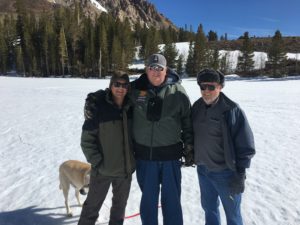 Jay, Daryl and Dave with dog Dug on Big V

┄┄┄┄┄┄┄┄┄┄

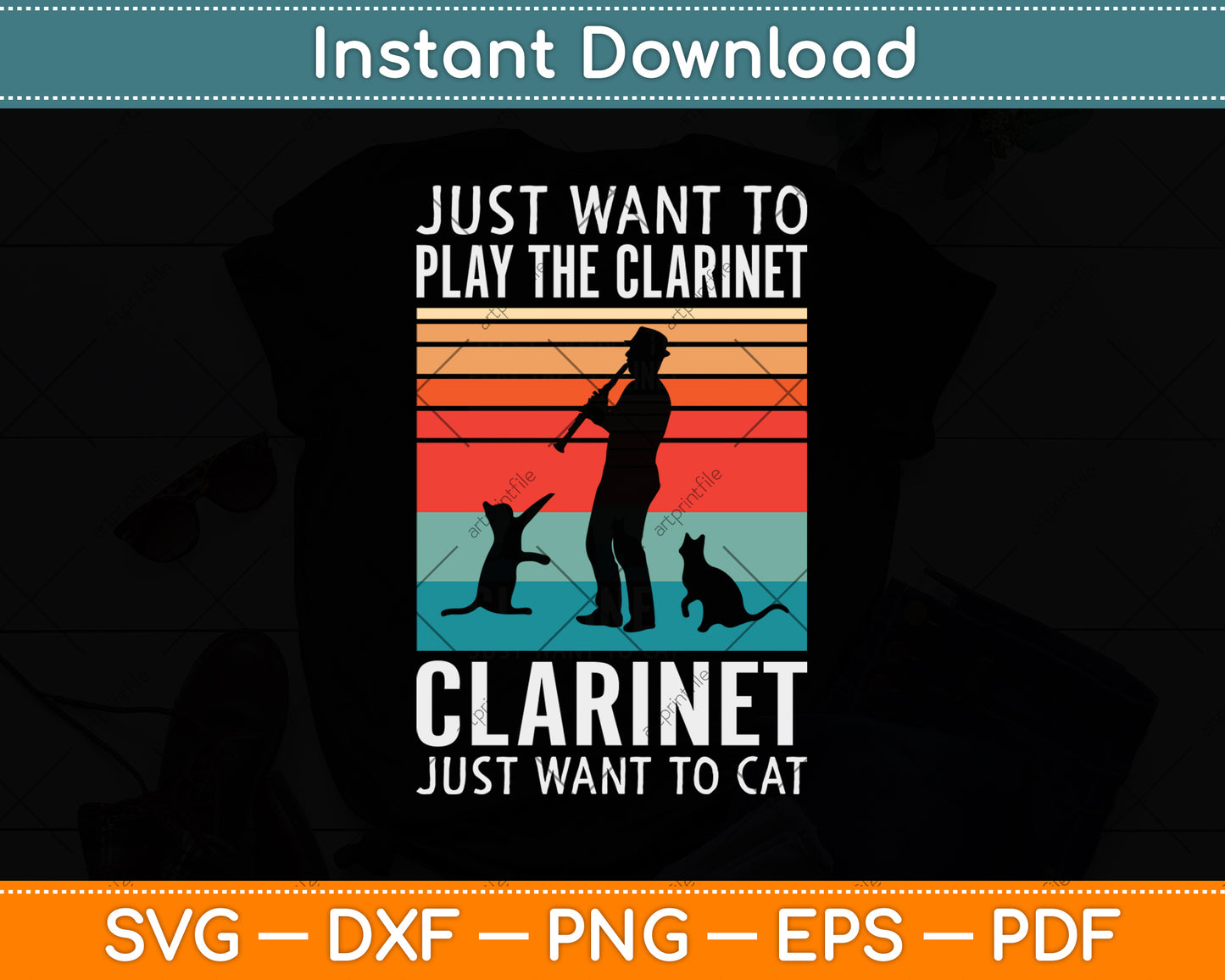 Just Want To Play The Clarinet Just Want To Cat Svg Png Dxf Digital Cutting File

┄┄┄┄┄┄┄┄┄┄

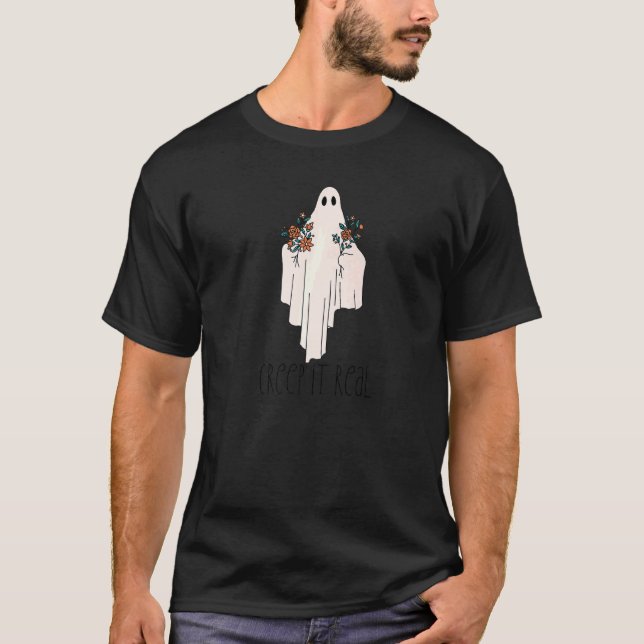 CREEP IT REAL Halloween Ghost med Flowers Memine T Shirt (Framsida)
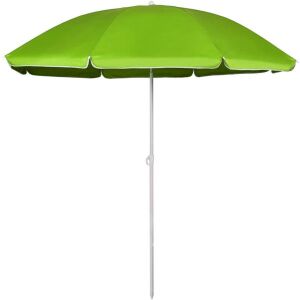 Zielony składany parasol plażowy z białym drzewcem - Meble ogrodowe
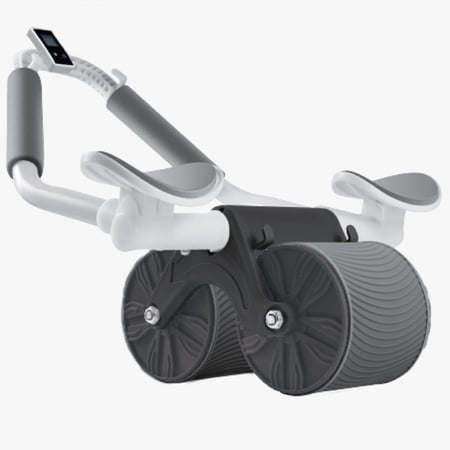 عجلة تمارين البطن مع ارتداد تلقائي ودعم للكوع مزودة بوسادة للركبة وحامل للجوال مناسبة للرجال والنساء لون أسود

┄┄┄┄┄┄┄┄┄┄

#### Activity:
Print an exact copy of the lines above, from the one containing "CREEP IT REAL" through the one containing "عجلة تمارين البطن", and leave out the pictures.

#### Response for this exercise:
 CREEP IT REAL Halloween Ghost med Flowers Memine T Shirt (Framsida)
 Zielony składany parasol plażowy z białym drzewcem - Meble ogrodowe
 عجلة تمارين البطن مع ارتداد تلقائي ودعم للكوع مزودة بوسادة للركبة وحامل للجوال مناسبة للرجال والنساء لون أسود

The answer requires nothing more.